Records for processing:
^^^^^^^^^^^^^^^^

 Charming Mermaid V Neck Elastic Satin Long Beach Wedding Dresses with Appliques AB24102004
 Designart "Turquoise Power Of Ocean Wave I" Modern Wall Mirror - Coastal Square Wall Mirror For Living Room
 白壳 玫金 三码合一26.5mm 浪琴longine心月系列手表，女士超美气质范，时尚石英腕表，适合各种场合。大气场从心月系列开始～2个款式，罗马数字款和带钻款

^^^^^^^^^^^^^^^^

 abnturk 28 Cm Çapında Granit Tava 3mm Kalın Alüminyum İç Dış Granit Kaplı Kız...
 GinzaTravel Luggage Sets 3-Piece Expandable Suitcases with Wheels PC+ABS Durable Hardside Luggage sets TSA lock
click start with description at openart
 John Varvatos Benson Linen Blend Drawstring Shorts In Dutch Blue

^^^^^^^^^^^^^^^^

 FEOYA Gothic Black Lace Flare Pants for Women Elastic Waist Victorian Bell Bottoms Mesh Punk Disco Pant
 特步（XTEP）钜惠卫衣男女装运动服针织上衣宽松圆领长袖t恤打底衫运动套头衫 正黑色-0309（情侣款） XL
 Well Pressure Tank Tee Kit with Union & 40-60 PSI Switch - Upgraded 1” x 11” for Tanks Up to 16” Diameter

^^^^^^^^^^^^^^^^

Task: Could you retype exactly the lines above, starting at the line that contains "click start with description at openart" and ending at the line that contains "John Varvatos Benson", and nothing more?

Solution to this exercise:
click start with description at openart
 John Varvatos Benson Linen Blend Drawstring Shorts In Dutch Blue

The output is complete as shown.